• AUDUSD set to close the week 2% higher, but still neutral in 2024

  • Next resistance near 0.6570; the 0.6640 bar could be tougher

 

AUDUSD is exhibiting its best week of the year, looking to extend its rally above the bearish channel and towards the next critical resistance zone of 0.6563, where the 200-day exponential moving average (EMA) and the broken support trendline from October 2023 are positioned.

After six consecutive green daily sessions, some stability or a pullback would not be a big surprise as the stochastic oscillator is already losing pace above its 80 overbought level. On the other hand, the RSI is making its way above its 50 neutral mark and the MACD continues to gain ground within the negative zone and above its red signal line, suggesting the resistance could come higher.

If the pair holds above 0.6525 and surpasses the wall at 0.6570, which coincides with the 50% Fibonacci retracement of the October-December 2023 uptrend, the bulls might run straight up to the critical 0.6625-0.6640 resistance. This has been a tough obstacle since the start of the year and the 38.2% Fibonacci mark is also within the neighborhood. Hence, a victory there might boost buying incentives towards the 23.6% Fibonacci of 0.6728.

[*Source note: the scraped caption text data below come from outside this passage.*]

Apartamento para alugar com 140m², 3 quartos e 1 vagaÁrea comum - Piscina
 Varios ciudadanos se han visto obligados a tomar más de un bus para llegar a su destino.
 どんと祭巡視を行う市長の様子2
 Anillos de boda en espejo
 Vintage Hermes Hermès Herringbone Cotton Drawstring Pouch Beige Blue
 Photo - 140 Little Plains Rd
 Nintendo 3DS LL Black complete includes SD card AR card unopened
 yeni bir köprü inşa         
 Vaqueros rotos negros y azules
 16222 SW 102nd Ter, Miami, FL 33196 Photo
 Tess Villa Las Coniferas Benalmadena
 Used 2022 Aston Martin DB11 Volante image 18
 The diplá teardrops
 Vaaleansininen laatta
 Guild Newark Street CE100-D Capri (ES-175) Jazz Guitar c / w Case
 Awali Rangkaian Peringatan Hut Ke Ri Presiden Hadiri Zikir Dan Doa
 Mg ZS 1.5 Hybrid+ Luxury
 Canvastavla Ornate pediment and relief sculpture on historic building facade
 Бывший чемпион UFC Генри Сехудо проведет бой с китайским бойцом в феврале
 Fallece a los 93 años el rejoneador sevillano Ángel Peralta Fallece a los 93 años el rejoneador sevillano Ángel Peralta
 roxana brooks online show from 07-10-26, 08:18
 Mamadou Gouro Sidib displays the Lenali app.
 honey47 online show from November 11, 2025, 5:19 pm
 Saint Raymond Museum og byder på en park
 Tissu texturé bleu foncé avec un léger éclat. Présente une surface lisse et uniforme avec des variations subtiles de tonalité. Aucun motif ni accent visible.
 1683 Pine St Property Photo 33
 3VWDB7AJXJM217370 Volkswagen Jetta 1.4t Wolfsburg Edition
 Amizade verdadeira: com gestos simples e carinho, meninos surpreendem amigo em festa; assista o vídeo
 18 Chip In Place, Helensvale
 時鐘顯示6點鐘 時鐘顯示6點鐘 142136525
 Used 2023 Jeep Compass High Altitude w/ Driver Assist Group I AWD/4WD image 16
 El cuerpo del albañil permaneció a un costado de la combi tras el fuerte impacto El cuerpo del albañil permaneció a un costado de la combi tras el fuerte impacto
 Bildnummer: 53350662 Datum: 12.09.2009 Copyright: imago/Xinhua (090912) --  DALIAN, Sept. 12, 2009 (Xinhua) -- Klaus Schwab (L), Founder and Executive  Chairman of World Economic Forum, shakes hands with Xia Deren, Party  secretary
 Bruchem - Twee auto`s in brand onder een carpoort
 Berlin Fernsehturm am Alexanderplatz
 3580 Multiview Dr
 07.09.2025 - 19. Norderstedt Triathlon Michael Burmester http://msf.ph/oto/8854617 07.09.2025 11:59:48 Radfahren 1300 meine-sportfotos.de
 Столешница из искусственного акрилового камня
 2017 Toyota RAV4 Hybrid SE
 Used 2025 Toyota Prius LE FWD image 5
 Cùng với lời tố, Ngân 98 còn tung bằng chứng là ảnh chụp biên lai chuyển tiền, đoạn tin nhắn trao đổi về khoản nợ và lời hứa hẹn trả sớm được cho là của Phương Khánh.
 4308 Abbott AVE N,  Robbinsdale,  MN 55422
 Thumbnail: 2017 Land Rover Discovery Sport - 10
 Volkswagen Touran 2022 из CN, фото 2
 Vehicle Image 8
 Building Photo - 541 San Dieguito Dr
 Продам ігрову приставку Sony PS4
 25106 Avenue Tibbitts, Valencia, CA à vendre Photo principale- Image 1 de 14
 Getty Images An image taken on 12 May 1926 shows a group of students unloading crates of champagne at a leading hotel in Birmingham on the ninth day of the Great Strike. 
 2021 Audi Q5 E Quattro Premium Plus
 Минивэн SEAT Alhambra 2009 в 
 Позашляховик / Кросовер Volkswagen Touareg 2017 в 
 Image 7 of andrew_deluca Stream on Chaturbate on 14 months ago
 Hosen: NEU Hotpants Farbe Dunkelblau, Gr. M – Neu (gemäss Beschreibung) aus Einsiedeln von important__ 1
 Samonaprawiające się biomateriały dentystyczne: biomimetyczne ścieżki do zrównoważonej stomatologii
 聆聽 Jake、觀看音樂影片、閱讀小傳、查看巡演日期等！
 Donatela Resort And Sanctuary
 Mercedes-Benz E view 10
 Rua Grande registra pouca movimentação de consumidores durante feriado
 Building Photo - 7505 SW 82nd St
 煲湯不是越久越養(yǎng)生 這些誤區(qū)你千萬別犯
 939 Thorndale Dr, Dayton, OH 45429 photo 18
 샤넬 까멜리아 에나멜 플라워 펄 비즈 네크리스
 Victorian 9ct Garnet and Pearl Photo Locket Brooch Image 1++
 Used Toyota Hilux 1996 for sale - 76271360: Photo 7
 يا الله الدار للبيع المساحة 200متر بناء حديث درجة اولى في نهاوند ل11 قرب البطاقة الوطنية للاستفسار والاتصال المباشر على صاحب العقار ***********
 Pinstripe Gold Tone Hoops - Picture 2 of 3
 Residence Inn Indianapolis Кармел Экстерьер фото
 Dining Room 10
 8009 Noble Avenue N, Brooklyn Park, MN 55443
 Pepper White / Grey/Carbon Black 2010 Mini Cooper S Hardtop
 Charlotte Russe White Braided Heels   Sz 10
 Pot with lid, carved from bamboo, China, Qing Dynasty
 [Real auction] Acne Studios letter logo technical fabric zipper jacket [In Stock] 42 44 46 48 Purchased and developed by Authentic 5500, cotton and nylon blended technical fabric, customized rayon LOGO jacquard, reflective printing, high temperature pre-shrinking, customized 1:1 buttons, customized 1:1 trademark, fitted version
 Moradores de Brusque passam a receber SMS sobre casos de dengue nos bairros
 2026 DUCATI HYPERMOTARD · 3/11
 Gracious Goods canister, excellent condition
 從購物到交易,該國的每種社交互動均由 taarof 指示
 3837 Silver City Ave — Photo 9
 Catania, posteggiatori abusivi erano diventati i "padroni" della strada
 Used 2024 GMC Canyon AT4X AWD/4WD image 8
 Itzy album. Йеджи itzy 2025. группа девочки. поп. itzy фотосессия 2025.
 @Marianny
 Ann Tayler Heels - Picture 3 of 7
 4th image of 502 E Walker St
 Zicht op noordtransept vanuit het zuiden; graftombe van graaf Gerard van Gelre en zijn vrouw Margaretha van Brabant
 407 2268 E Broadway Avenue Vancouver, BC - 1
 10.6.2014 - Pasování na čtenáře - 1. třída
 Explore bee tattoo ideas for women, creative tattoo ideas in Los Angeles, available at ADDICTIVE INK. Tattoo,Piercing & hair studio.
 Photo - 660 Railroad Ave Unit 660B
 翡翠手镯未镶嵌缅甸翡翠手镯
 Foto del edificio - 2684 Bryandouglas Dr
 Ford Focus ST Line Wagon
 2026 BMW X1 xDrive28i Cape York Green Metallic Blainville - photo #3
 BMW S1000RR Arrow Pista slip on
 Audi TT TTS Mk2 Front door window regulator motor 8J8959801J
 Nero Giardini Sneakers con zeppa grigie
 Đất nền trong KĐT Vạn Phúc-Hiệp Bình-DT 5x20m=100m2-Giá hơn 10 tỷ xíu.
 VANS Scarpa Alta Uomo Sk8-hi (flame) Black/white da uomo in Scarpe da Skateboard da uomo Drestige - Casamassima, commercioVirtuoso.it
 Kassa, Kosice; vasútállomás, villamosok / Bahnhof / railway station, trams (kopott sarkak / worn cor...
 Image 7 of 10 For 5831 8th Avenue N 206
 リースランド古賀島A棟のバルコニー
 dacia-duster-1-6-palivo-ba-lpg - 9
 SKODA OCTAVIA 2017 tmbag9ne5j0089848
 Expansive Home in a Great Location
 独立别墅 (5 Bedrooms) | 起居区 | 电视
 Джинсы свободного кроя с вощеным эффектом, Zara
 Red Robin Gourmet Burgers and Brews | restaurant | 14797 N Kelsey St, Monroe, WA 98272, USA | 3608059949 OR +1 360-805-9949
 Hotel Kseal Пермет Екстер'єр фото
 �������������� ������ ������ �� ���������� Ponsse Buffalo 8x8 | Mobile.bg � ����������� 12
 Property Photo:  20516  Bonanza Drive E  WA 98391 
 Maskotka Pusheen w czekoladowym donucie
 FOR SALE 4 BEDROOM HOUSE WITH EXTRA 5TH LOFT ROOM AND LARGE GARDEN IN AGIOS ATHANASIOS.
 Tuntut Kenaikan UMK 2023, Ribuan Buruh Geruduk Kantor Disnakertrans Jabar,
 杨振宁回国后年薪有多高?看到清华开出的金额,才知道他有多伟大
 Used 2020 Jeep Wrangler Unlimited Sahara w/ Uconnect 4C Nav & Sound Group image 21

On the downside, if the 0.6500-0.6475 territory does not protect the market, the price could slide towards the important base of 0.6400 and perhaps retest the five-month low of 0.6360 too. Even lower, the almost flat support trendline at 0.6315 could be another important pivot area, a break of which could see a test of the 2023 bottom of 0.6269.

In brief, AUDUSD might face some softness as the price approaches the caution area of 0.6570. For the outlook to switch to bullish, the pair will have to rally sustainably above 0.6640.